The Figure also demonstrates how average adherence across plan-years varies across cost-sharing quartiles for different HCV regimens. It shows no economically or statistically meaningful effects of cost sharing on adherence; the only factor possibly affecting adherence appears to be regimen type, where patients may be slightly less adherent to regimens that include BOC/TPV. However, higher cost sharing does not seem to discourage adherence to earlier HCV regimens. Patients were willing to bear higher out-of-pocket costs for the older generation of drugs. Economic theory would suggest that they would be just as, if not more, willing to bear higher out-of-pocket costs for the newer, more effective and more tolerable generation of drugs.
Does High Cost Sharing for DAAs Make Sense?
In light of this, it would be tempting to conclude that high cost sharing for new DAAs is unlikely to discourage adherence.
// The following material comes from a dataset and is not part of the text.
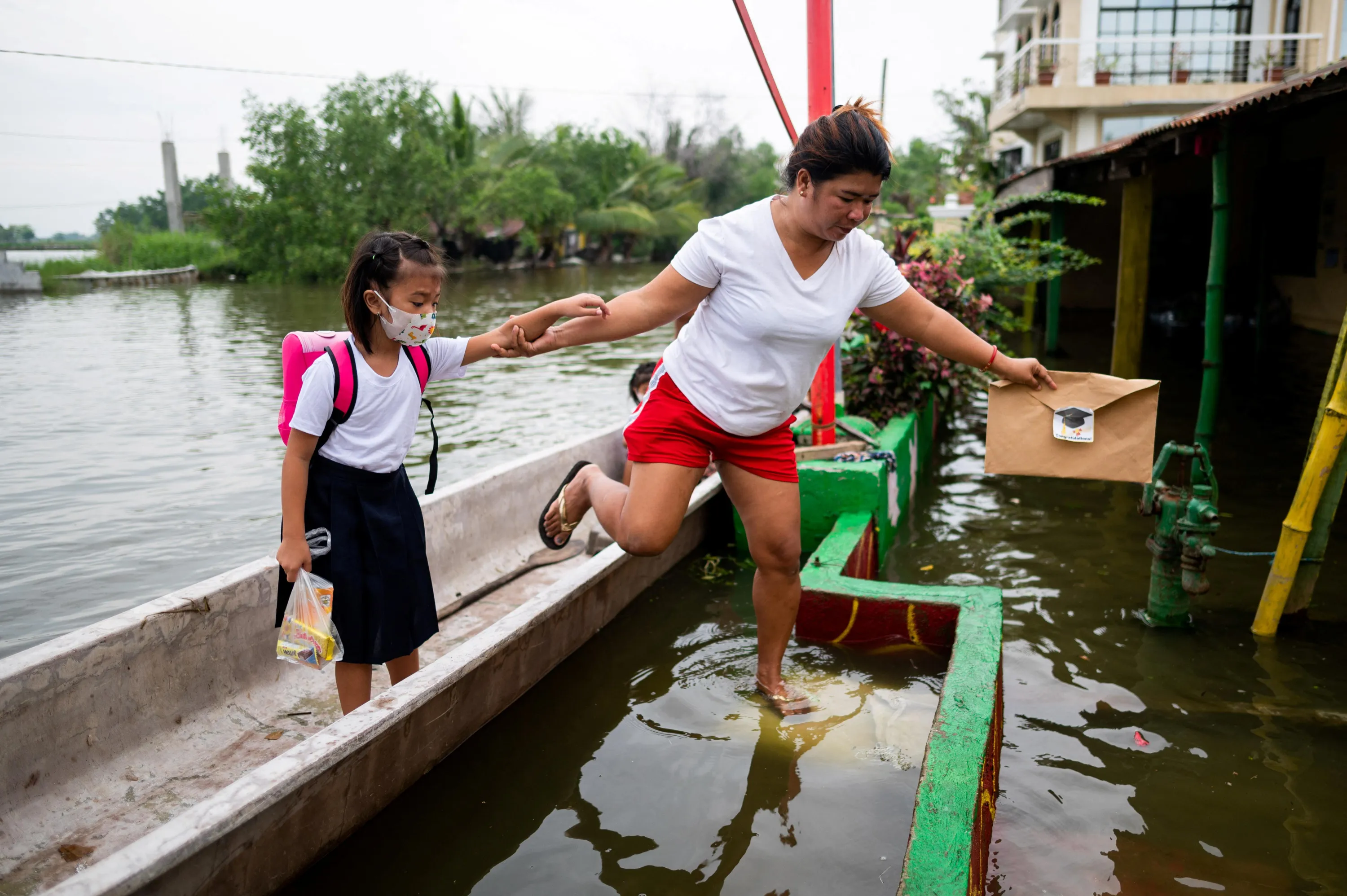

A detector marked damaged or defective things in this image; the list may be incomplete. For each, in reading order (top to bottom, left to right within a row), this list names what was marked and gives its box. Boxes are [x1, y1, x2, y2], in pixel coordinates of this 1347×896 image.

rusty roof [1002, 55, 1347, 187] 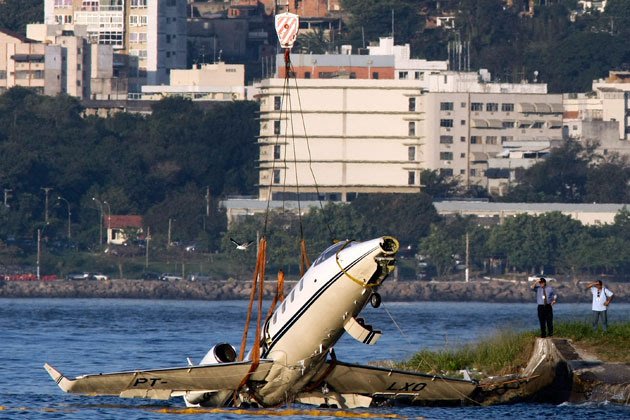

Although this might be the case, new DAAs are very expensive and likely to be considered specialty drugs for reimbursement purposes. Subsequently, patients’ actual out-of-pocket costs under high cost-sharing arrangements could be quite large, even with private insurance. High cost-sharing arrangements for these therapies would therefore impose a significant financial burden on patients who are already bearing the burden of a potentially life-threatening disease.